In response, Hidalgo screenwriter John
Fusco acknowledges that Hopkins' telling of his life story probably
incorporates folklore and legend. But he makes no apologies: "Here we have
an American legend, a wonderfully entertaining story, and we have every
right to base it on his autobiography," says Fusco, who also wrote the
screenplay for Spirit, Stallion of the Cimarron. "It was
Hopkins' recollection of how it happened. And in the great tradition
of American cowboys, he told some tall tales."

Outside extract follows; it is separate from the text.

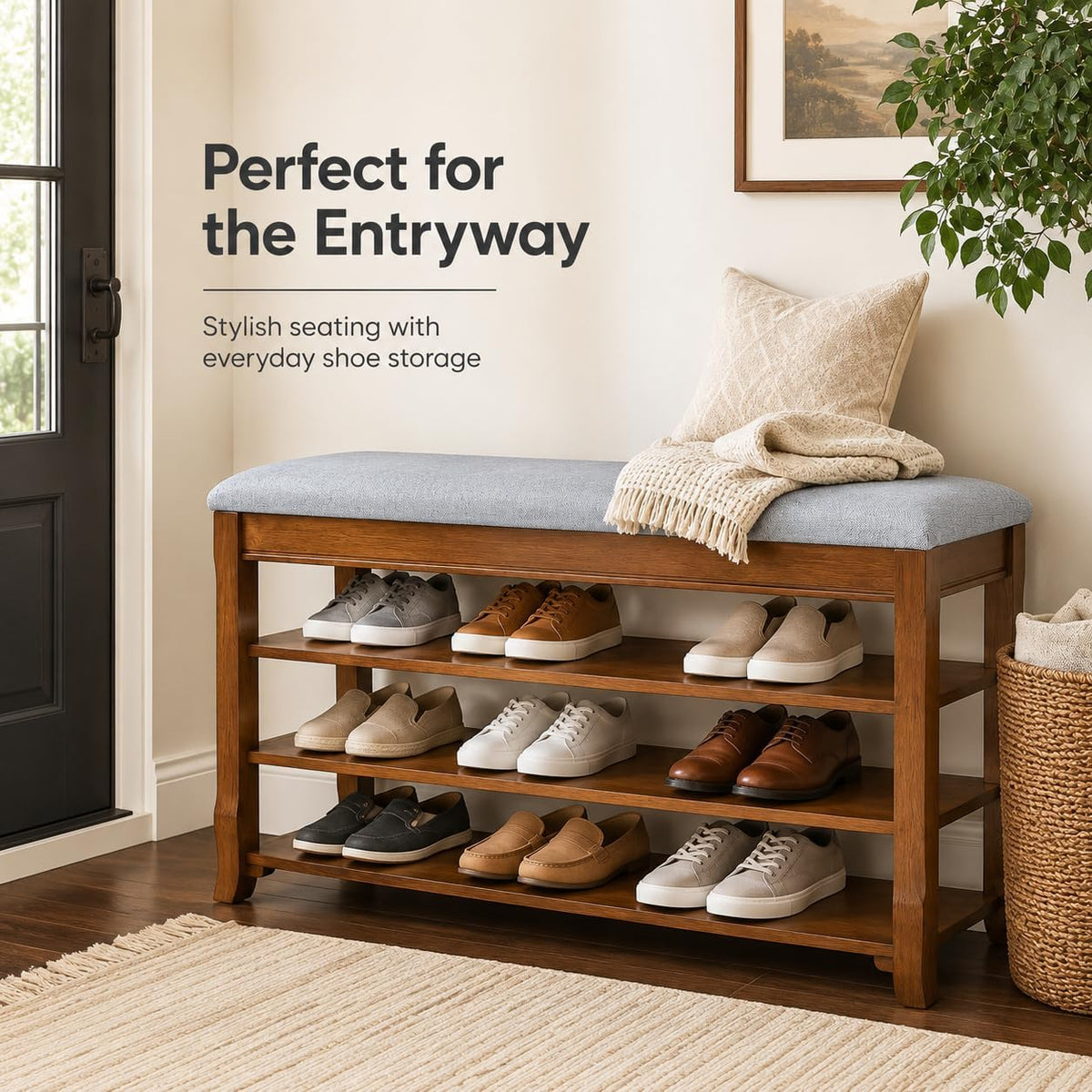Solid Wood Shoe Bench with Storage, Flip-Top Soft-Close Lid, Adjustable Shelves, Cushioned Entryway Shoe Rack Organizer, 31.5”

What's more important, adds Fusco, is the
fundamental authenticity and value of Hopkins' legend. "I went to the
grassroots people, several generations of Wyoming ranchers and the esoteric
world of mustang preservationists, where Frank Hopkins' knowledge of the
West and Indian horses still inspires."
Nonetheless, in the wake of findings released by
the Long Riders' Guild earlier this year, Disney Studios has changed a
phrase in a promotional trailer for the movie from "Based on the true story
of Frank Hopkins" to "Based on the autobiography of Frank Hopkins."